Spring 2023 (January-May) course offerings:
- Gender, Economic Inequality, & Health*
- The Global Pharmaceutical Economy & Health
- Gender, Environmental Justice & Health
- Global Food Politics: Health Consequences
Fall 2022 (September-December) course offerings:
- Women’s Global Health Movements*
- Debt, Crisis, and Women’s Health
- Care Work
Gender, Economic Inequality, and Health*
How does economic inequality contribute to public health crises? This course investigates the current state of the global economy with a focus on how economic inequality produces wide disparities in health risk, access to health care and clinical outcomes. It also explores how domestic and global structures related to economic trade and migration create dysfunctional health care delivery systems. Students leave the course understanding why transnational struggles for a single standard of care for all people will heal inequality in our global society.
Debt, Crisis, and Women’s Health
Why has debt become the binding glue of the 21st century global economy and how does debt adversely affect health? This class explores the economic and social roots of debt and the resulting economic and public health crises it produces. Students will explore structural alternatives to debts and begin envisioning an economy less marked by crisis.
Health care Justice
Women’s Global Health Movements*
How do advocates for healthy societies organize, work together, and advance social and health justice? As part of a longstanding global social movement, women leaders have historically helped to create healthier and more dignified societies. This class investigates the role of women leaders in global movements for health and justice. Students will gain a better understanding of how the contemporary global political-economic context both constrains health activists and offers opportunities for transformative change.

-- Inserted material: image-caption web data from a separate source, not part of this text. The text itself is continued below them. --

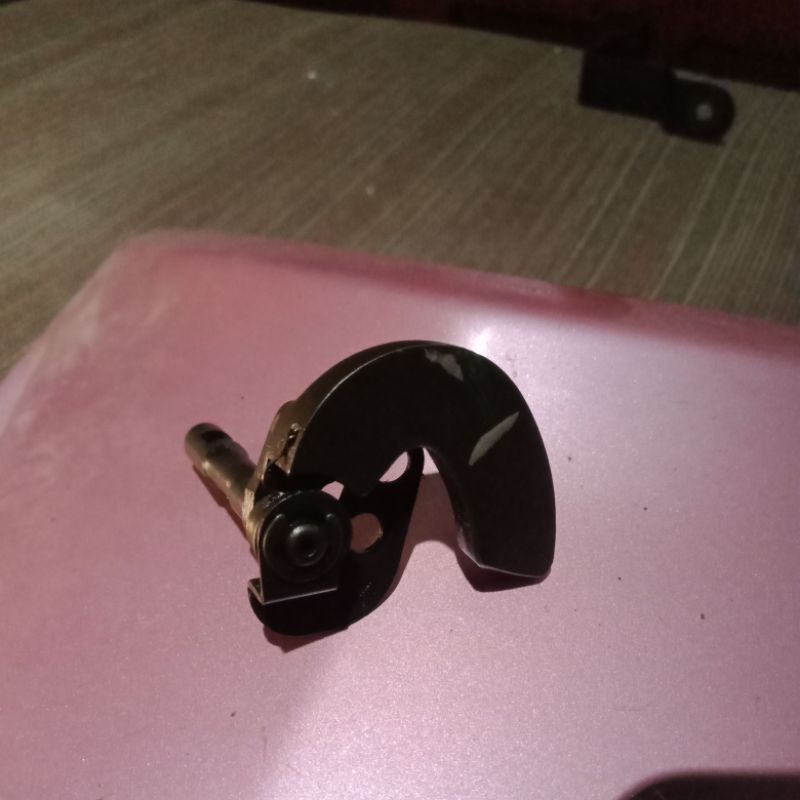 dekompresi/ads vario 110 karbu/tecno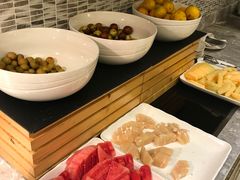 -盛宴标帜餐厅·亲子自助 (南昌喜来登酒店)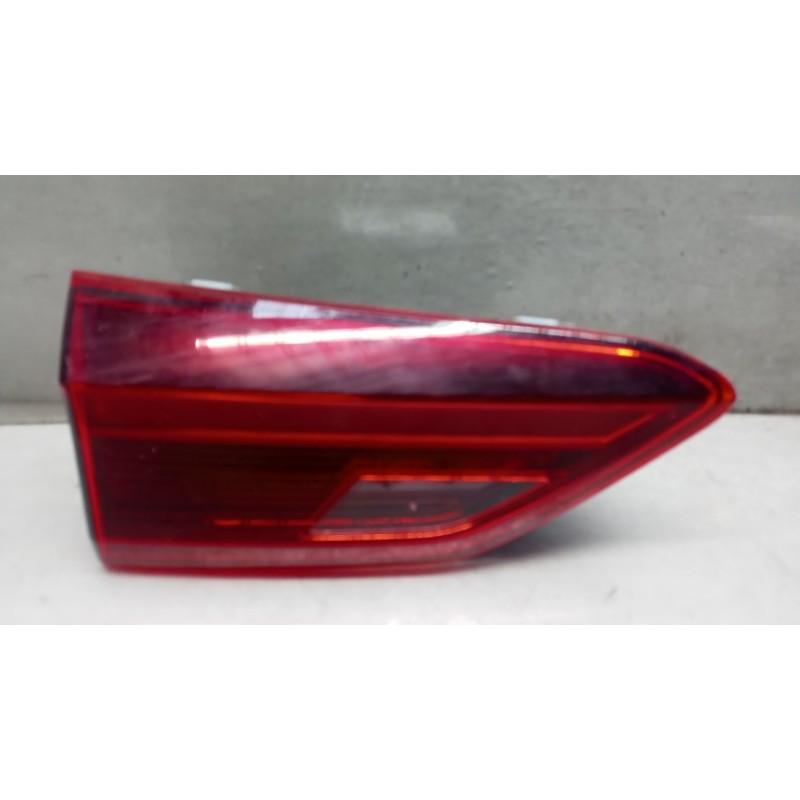 VOLKSWAGEN LEFT REAR LEF LIGHT ON BACK VOLKSWAGEN Polo 2021> used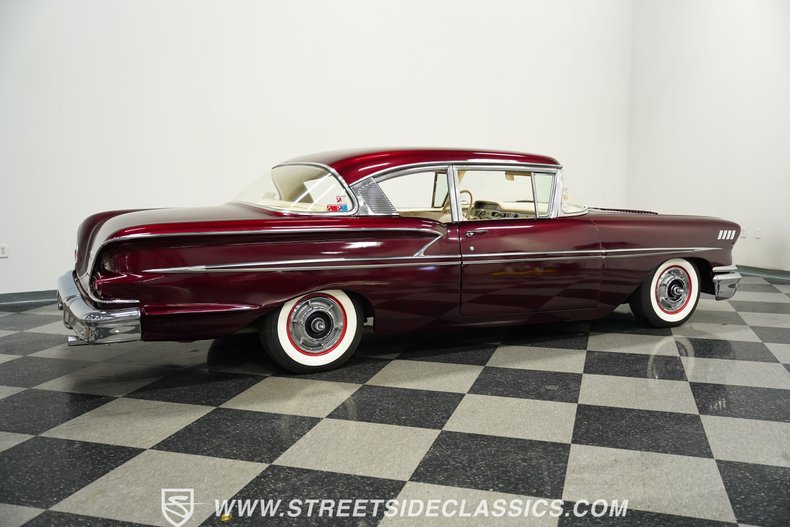 Unknown-Bel-air-1958-Burgundy-Beige-27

This class situates professional nursing within the broader global context of the transnational care economy. Students will learn about the intimate nature of care work and identify how intensive physical labor, person-to-person communication, and human touch pose a challenge to market-driven efforts to increase profit-making through mechanization and exploitation of nurses, migrant and precarious workers. It identifies strategies that care workers have used to improve working conditions and their ability to deliver safe, therapeutic, and effective care both domestically and globally.
The Global Pharmaceutical Economy and Health
The pharmaceutical industrial complex (Big Pharma) threatens global public health with profit-motivated research and uncontrolled pricing. This class interrogates the political-economic context in which Big Pharma has evolved and the ethical implications of market-based health care. It prepares students to advocate for research and fair distribution of life-saving medicines as a necessary component of an equitable health care system.
Global Food Politics: Health Consequences
Enough food is produced internationally to feed the entire global population, so why do over 795 million people in the world go hungry? And why is so much of the food we produce unhealthy, causing chronic illness, malnutrition, and obesity? This class examines shifting patterns of food production from the traditional family farm to industrialized agriculture and transnational export chains. Students will learn how neoliberal trade policies restructure domestic and global food processing and distribution and why unhealthy food has become a staple of global consumption.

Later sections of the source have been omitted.